Kemudian itu terdapat pula perbedaan pribadi; Sepuluh orang bersaudara, satu ayah dan satu ibu. Namun sepuluh pula rupanya, sepuluh pula suaranya, sepuluh pula sidik jarinya, sepuluh pula perangainya. Semuanya itu ditentukan dengan teratur, dengan bawaan sendiri-sendiri.

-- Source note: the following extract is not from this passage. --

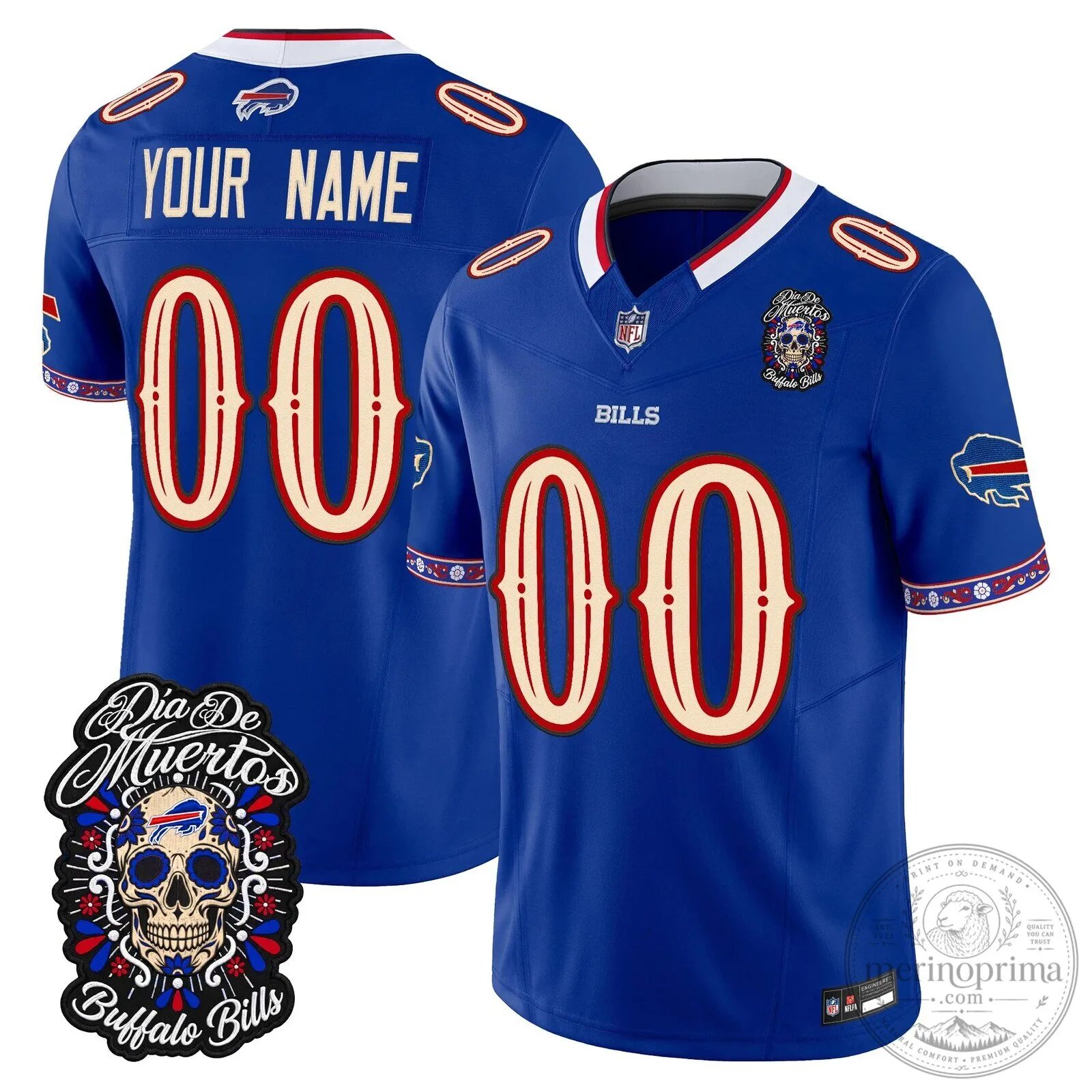 Custom Football Jersey for Buffalo Bills - Dia de los Muertos Design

Pada masa tafsir ini disusun tidak kurang daripada 4 miliyar (miliar – baku di KBBI) penduduk dunia laki-laki dan perempuan. Berlain-lain warna kulitnya menurut iklim negerinya; Ada kulit putih, kulit kuning, kulit hitam, kulit langsat, kulit sawo matang. Separo, artinya sekitar kira-kira 2 milyar kaki-laki dan dua miliyar perempuan. Kepada masing-masing perempuan itu dianugerahkan kecantikan, yang satu tidak menyerupai yang lain. Kepada mereka dianugerahkan 2 miliyar pasang mata yang semuanya ada daya tarik sendiri. Fikirkanlah itu, semuanya tidak ada yang serupa, padahal semuanya sama jenisnya, yaitu anak manusia. Semuanya sama kejadiannya, yaitu pergabungan mani seorang laki-laki dengan mani seorang perempuan. Dan semuanya itu kecil halus asalnya, dengan mikroskop dipandang, yang kelihatan hanya bintik hitam kecil. Padahal dalam bintik kecil itu terdapat beratus ribu “cacing” laki-laki dan “telor” perempuan.

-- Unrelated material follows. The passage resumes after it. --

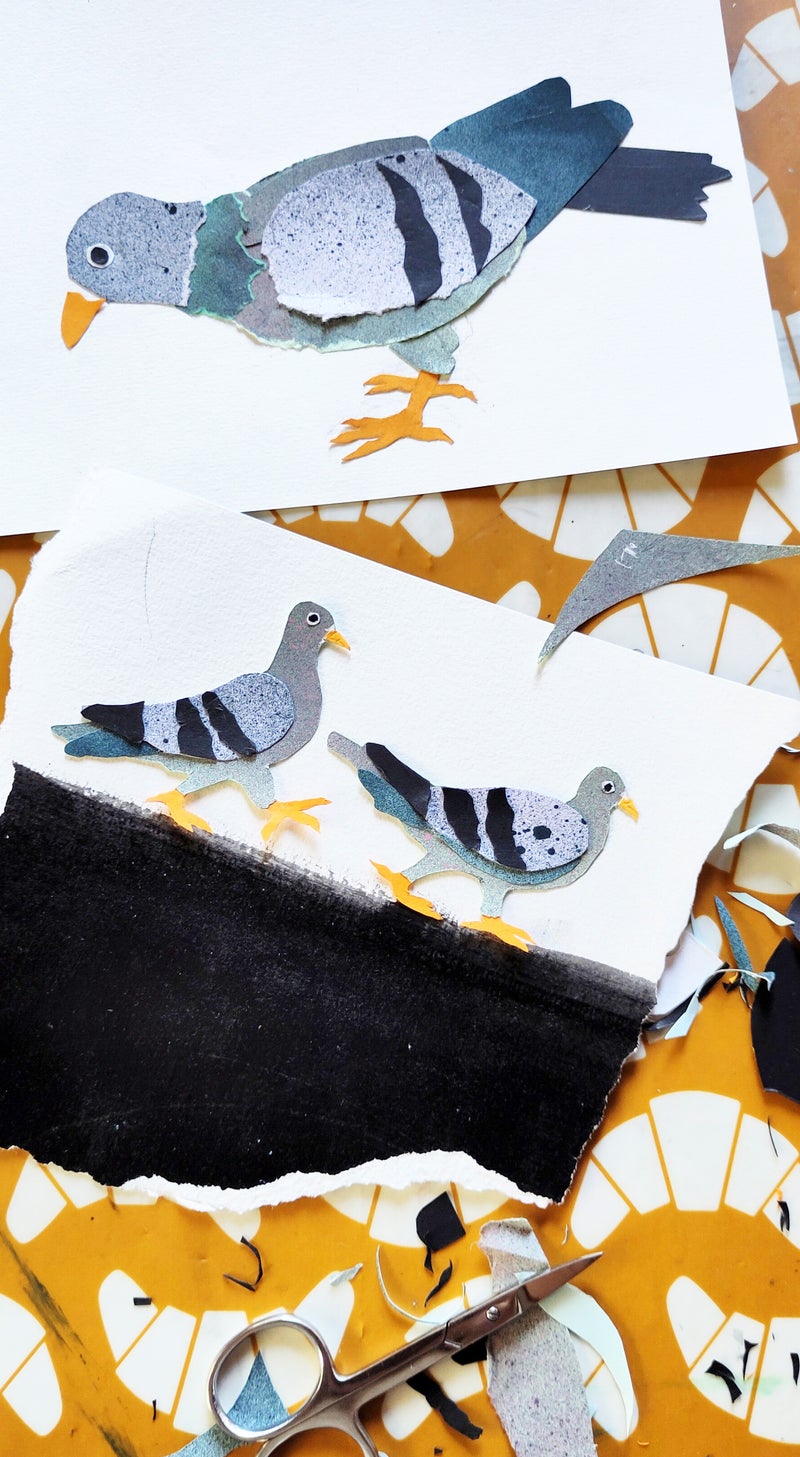 collage stadsduiven tekening duiven tekenen tekenles kinderen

Sebab itu maka jika ingin hendak mengetahui kekayaan Allah pandanglah dengan penuh pemikiran dan perasaan keadaan manusia ataupun alam yang di keliling manusia. Tepatlah ujung ayat 23 itu; “maka Kamilah yang sebaik-baik yang menentukan” (Ujung ayat 23).

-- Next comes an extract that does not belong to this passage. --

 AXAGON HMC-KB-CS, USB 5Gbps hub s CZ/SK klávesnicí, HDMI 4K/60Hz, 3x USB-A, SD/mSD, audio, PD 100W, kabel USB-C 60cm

“Celaka besarlah pada hari itu, bagi orang-orang yang mendustakan” (Ayat: 24). Mereka akan mendapat celaka besar, masuk neraka wailun di hari kiamat itu karena mereka tidak mempergunakan fikiran dengan sebaik-baiknya. Nikmat Tuhan diterimanya, tetapi fikirannya tidak berjalan. Kalau fikiran berjalan, terutama memikirkan diri sendiri, atau memikirkan sesudah kawin dengan seorang perempuan, beberapa bulan kemudian diberi Tuhan putra. Terbentang di hadapan matanya i‘tibār, yaitu sesuatu yang patut jadi buah fikiran, namun kejadian itu lalu demikian saja. Alangkah hinanya!